Did a little digging, found this:

http://www.freebsd.org/platforms/amd64.html

Under status it says that it supports amd64 hardware, but doesn't "clarify" the status of Intel 64 architecture. So, is Intel 64 supported?

Also, I was looking for a guide on preferred hardware for building a desktop that ran FreeBSD, are their any links? Or at the very least, supported PCI cards (WiFi, graphics, ext) for FreeBSD-STABLE?


----------



## SirDice (Sep 20, 2013)

KaratKin said:
			
		

> Under status it says that it supports amd64 hardware, but doesn't "clarify" the status of intel 64 architecture.
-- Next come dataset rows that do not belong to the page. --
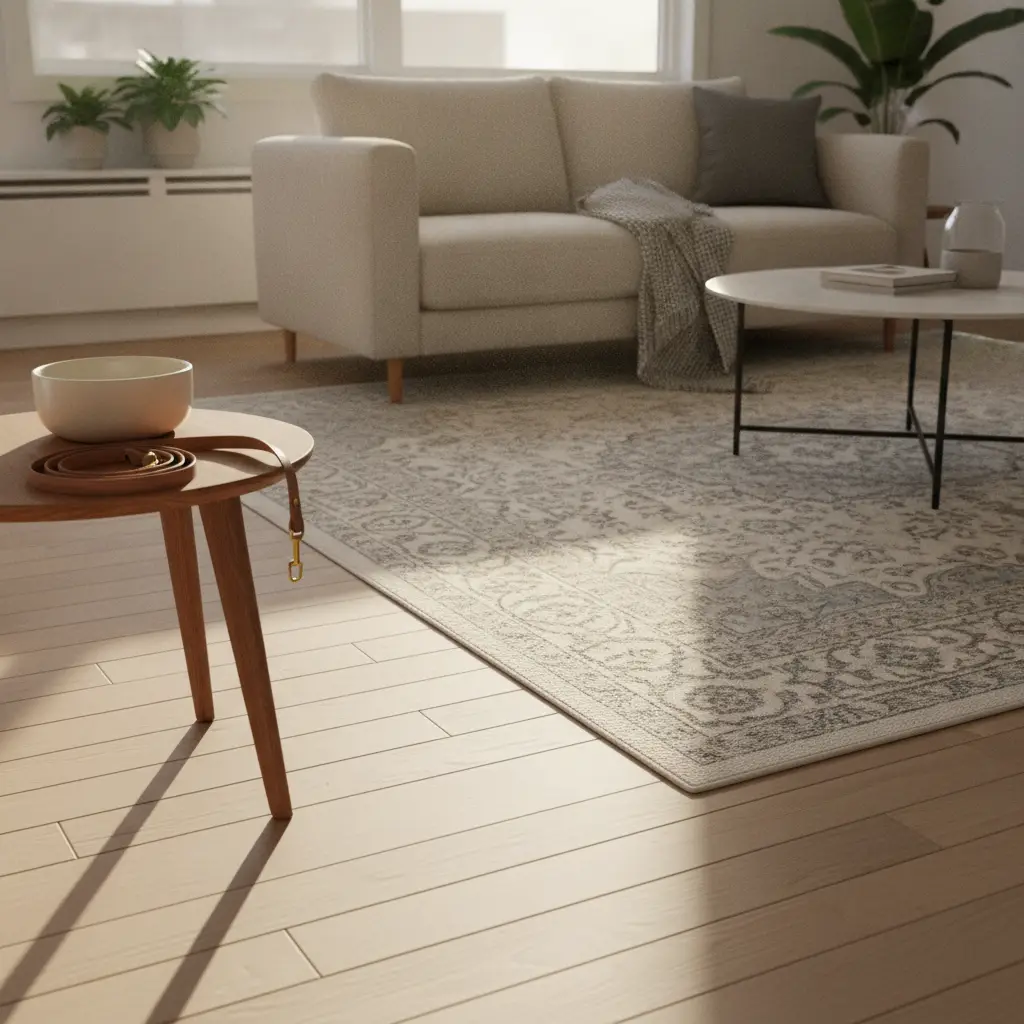 A bright, modern living room with a beige sofa, a coffee table, and an area rug, illustrating a home environment where tenants might look to protect floors pet damage rental spaces.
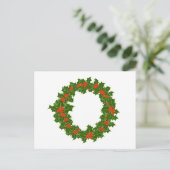 Kerstmis Holly Wreath Briefkaart (Staand voorkant)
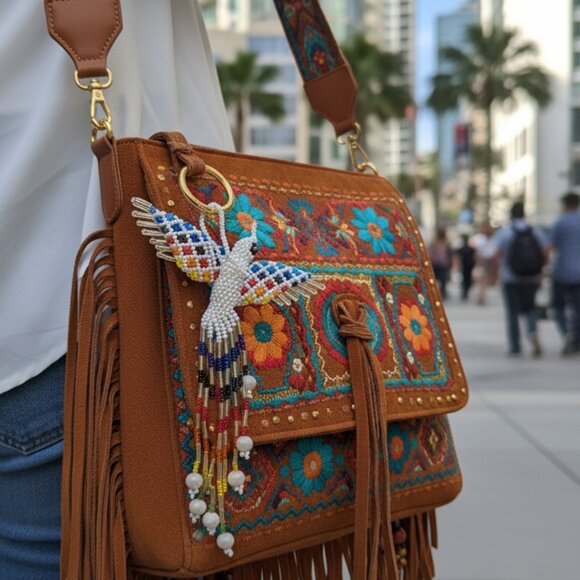 Handwoven Beaded Hummingbird Keychain – Bag Charm, Pendant, Ornament NW - Picture 5 of 6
So, it intel 64 supported?


Intel 64 is the Intel version of the AMD64 instructionset, so yes.



> Also, I was looking for a guide on preferred hardware for building a desktop that ran FreeBSD- are their any links? Or at the very least, supported PCI cards (wifi, graphics, ext) for FreeBSD-Stable?
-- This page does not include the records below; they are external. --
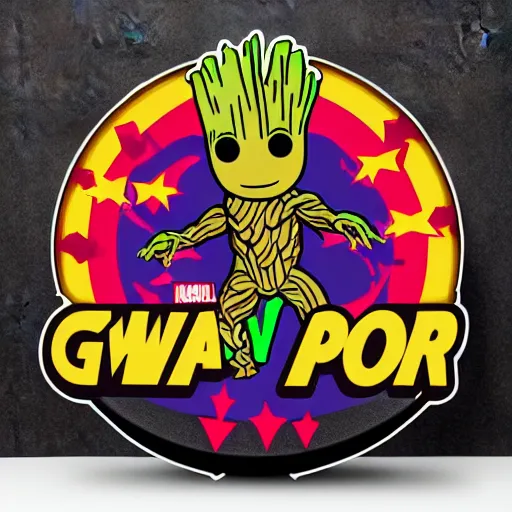 Image similar to svg sticker of a Pop-Wonder Groot-Marvel-Avenger at a rave, spinning records, giant headphones rocking out, wearing headphones, huge speakers, dancing, rave, DJ, spinning records, digital art, amazing composition, rule-of-thirds, award-winning, trending on artstation, featured on deviantart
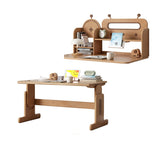 ブナ無垢材昇降デスクと本棚のコンビネーション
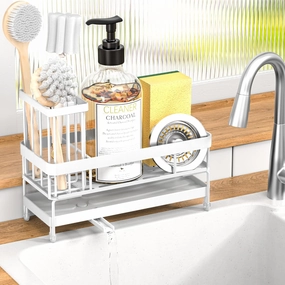 masadi Sink Organizer Caddy Countertop for Kitchen, White Dish Sponge Holders, Instant Dry Brush Holders, Kitchen Storage Organziation Essentials and Decor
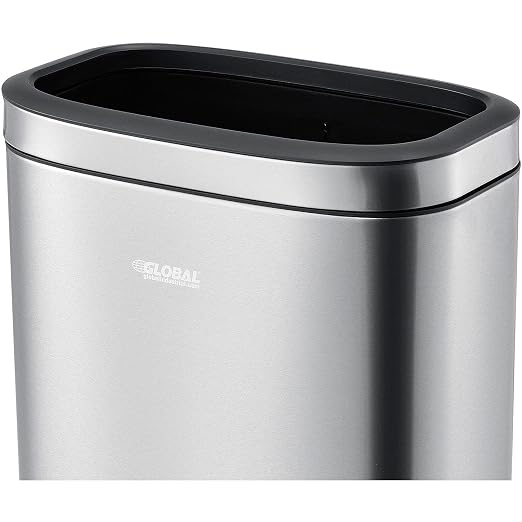 Global Industrial 10-1/2 Gallon Stainless Steel Slim Open Top Receptacle - Image 8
http://www.freebsd.org/releases/9.1R/relnotes-detailed.html


----------



## User23 (Sep 20, 2013)

http://en.wikipedia.org/wiki/X86-64#Intel_64



> Historically, AMD has developed and produced processors patterned after Intel's original designs, but with x86-64, roles were reversed: Intel found itself in the position of adopting the architecture which AMD had created as an extension to Intel's own x86 processor line.


----------



## SirDice (Sep 20, 2013)

Yep, and because AMD was first the architecture got called AMD64 on FreeBSD. Intel has used various different names for it (EM64T, IA-32e, x86-64) before finally settling on Intel 64. But to be honest I find it confusing because of IA-64 (Intel Itanium), which is an entirely different beast altogether.


----------



## User23 (Sep 20, 2013)

I guess an Intel CPU with an extension called "AMD64" was a no-go. ï¿½e


----------



## tzoi516 (Sep 20, 2013)

With all of the cross-licensing agreements between AMD and Intel one would assume that anything Intel would run on AMD, and vice versa. I keep forgetting about AMD's RISC (NexGen) technology in their processors and wonder if Intel ever licensed AMD's RISC technology.


----------